The Magic Pinata. For decades, the UAW has treated their employers like a "magic pinata" that they whack during every contract negotiation for the purpose of extracting goodies. The pinata, in hopes of not breaking entirely, releases some goodies in exchange for the UAW's cessation of the whacking. The "goodies" have been increased wages and benefits and, over time, more job security. The periodic whacking has been enormously successful as employees at all of these companies have become the highest paid and most secure automobile manufacturing employees in the world, far out stripping the Japanese and the Germans (whose companies, incidentally are actually making money). Now, we find that those whackings have, over time, left the collective pinata empty. The unions, just as any other Socialist entity, had no foresight and no conception of the source of their largess and now they have to face the fact that there never was a "magic pinata" after all. Pardon me if I cannot muster any empathy for them or their plight.

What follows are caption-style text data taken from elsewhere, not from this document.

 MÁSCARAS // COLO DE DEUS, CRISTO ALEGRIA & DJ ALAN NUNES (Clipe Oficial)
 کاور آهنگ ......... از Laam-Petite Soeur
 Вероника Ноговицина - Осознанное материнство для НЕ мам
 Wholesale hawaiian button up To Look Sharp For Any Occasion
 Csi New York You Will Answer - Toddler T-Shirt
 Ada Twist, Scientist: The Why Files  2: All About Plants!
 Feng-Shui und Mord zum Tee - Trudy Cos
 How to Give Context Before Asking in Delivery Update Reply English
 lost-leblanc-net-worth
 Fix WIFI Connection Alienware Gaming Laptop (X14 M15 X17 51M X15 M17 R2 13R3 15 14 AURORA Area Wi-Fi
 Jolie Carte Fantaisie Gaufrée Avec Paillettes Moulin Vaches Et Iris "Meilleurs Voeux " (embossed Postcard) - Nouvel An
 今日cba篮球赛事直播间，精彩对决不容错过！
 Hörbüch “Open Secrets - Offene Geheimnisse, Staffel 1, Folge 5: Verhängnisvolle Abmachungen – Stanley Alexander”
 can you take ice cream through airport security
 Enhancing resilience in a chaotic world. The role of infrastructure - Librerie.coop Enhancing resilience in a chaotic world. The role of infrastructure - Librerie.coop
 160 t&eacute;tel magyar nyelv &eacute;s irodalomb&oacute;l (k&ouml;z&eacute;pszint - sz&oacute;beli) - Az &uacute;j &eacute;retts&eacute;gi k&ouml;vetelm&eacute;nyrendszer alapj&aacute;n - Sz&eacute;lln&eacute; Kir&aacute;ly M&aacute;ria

The Profit Motive. The companies in question seemingly have lost touch with THE basic premise of business; the profit motive. They continued to sell cars at a loss, thinking, apparently, that they could "make it up on volume". This is insanity, squared. The graph below, from a "Corner" post by Jim Manzi, sums up very clearly the automakers' current situation (click on graph to enlarge).
The sad truth is that even if these automakers were intending to invest the profits from the millions of SUVs they have been foisting upon the American public for the past few years into into research and development, there never were any profits to invest!
Both the UAW and The Automakers have lived in a fantasy world for far too long. Each has forgotten the basic rules of the game and each has operated under the notion that they are "too big to fail". They are not.
It's time for both of these dinosaurs to either develop into viable and productive inhabitants of the 21st Century, or sink into the tar pit of history. They have the option of taking Chapter 11 bankruptcy which will force both the UAW and The Automakers to either embrace a workable business model and cooperate in the interest of their common survival, or die.If they reorganize into a viable and profitable enterprise, they will be a shining example of what can be accomplished with common sense, common purpose and the true miracle of capitalism. If they choose death, let them be a cautionary tale about the pitfalls of excess. Either way we, as Americans, win.
UPDATE: While not in the same words, it appears that Mitt Romney has a similar stance.